This article will examine principles of CPU cache design including locality, logical organization, and management heuristics.

The 1980s saw a significant improvement in CPU performance, though this was hampered by the sluggish growth of onboard memory access speeds. As this disparity worsened, engineers discovered a way to mitigate the problem with a new design technique—caching.

This article will help you learn more about what caching is, how it works, and how to design a CPU cache.


What Is a CPU Hardware Cache?

A CPU hardware cache is a smaller memory, located closer to the processor, that stores recently referenced data or instructions so that they can be quickly retrieved if needed again. By reducing costly reads and writes that access the slower main memory, caching has an enormous impact on the performance of a CPU. Virtually all modern processors employ some form of caching.

The first caches were off-chip, or external.

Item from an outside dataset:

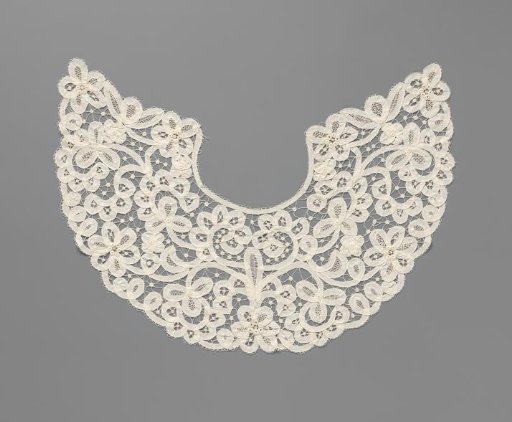 Collar of ribbon lace with rosette flowers and triple leaves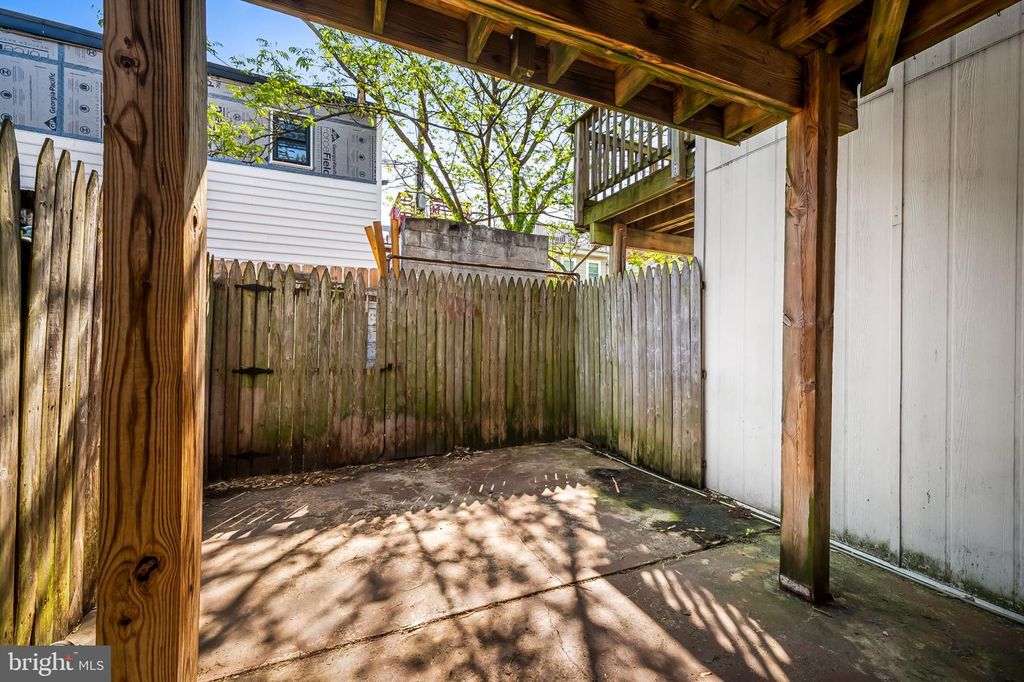 Image 33 of property listing at 511 S BRADFORD ST S, Baltimore, MD 21224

These were soon replaced by on-chip cache memories typically made from SRAM. To improve performance further, these on-chip caches were split into instruction and data partitions.

Figure 1 shows an example of partitioning. 


Figure 1. The Intel 80486 used a general cache, while its successor, the Pentium P5, had a partitioned cache (bus widths have been omitted)


Cache partitions led to the birth of multi-level cache hierarchies, where processor cores would have their own small, private cache (L1) that sat above a larger shared cache (L2), with some processors including a third cache level (L3) and occasionally a fourth (L4).


Locality (AKA How Does Caching Work?)

Why does caching work? Caching works via the principle of locality of reference. Locality of reference refers to the tendency of a processor to access the same memory locations as it runs an application. Because these memory accesses are predictable, they can be exploited via caching.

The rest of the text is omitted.